Posted to issues@commons.apache.org by "Michael Osipov (Jira)" <ji...@apache.org> on 2020/04/25 14:47:00 UTC

[jira] [Commented] (IMAGING-257) Investigate speed improvements to LZW decompression

    [ https://issues.apache.org/jira/browse/IMAGING-257?page=com.atlassian.jira.plugin.system.issuetabpanels:comment-tabpanel&focusedCommentId=17092260#comment-17092260 ] 

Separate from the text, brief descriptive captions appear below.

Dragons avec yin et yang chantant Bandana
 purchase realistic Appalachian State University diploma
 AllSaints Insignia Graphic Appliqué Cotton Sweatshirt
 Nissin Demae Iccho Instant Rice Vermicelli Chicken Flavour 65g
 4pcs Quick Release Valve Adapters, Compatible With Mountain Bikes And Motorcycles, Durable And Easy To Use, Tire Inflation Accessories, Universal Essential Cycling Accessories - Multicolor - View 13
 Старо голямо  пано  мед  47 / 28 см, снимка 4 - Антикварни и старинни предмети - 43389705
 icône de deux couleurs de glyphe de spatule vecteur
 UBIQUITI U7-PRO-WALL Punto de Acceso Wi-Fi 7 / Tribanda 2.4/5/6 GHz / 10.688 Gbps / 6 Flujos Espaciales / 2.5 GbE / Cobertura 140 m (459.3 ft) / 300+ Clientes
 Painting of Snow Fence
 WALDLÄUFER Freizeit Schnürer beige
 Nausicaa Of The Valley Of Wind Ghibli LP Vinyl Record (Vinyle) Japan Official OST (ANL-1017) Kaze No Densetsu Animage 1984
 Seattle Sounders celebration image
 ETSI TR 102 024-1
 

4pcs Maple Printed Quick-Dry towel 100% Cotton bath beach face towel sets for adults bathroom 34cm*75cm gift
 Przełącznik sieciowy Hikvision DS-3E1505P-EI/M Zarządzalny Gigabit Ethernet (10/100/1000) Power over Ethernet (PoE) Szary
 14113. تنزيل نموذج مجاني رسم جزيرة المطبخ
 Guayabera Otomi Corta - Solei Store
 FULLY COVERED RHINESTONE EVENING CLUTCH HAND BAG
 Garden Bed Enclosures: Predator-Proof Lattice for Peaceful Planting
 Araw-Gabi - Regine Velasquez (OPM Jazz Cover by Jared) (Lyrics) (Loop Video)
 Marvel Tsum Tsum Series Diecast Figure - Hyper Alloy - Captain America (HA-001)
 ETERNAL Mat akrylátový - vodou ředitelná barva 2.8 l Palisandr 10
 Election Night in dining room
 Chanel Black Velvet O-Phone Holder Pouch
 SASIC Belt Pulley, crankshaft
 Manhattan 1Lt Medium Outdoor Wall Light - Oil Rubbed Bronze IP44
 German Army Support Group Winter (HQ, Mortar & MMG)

Michael Osipov commented on IMAGING-257:
----------------------------------------

Why don't you provide a PR for this?

> Investigate speed improvements to LZW decompression
> ---------------------------------------------------
>
>                 Key: IMAGING-257
>                 URL: https://issues.apache.org/jira/browse/IMAGING-257
>             Project: Commons Imaging
>          Issue Type: Improvement
>          Components: Format: TIFF
>            Reporter: Gary Lucas
>            Priority: Minor
>
> In accessing large TIFF files (10812-by-10812 pixels), read times were about 11 seconds (with a solid-state disk drive), and I was looking for ways to reduce that.  I ran the Netbeans profiler and discovered that 87% of the read time was spent in the MyLzwDecompressor decompress() method. 
> Inspecting MyLzwDecompressor, I saw that it used the Java ByteArrayOutputStream, which is kind of famous for being slow.  You can find lots of examples of classes named FastByteArrayOutputStream on the web, including one right here in the Commons Imaging project.  
> I tried a number of different experiments using the ApacheImagingSpeedAndMemoryTest class (from the examples directory).
> Replacing ByteArrayOutputStream with FastByteArrayOutputStream produced a 4 percent reduction in run time.
> I then tried using a local array instead of a "byte array" class.  That improved things to about a 8 percent reduction in time.  Finally, I tried a few more aggressive changes, removing the number of conditional tests and replacing calls such as stringFromCode() which wrappers the class member "table" with direct access.  Final result was a 11 percent total reduction in time.
> 11 percent isn't all the impressive, but I haven't been able to find anything else.  Modern compilers are so smart and do such a good job optimizing code, that it's hard to find "easy wins."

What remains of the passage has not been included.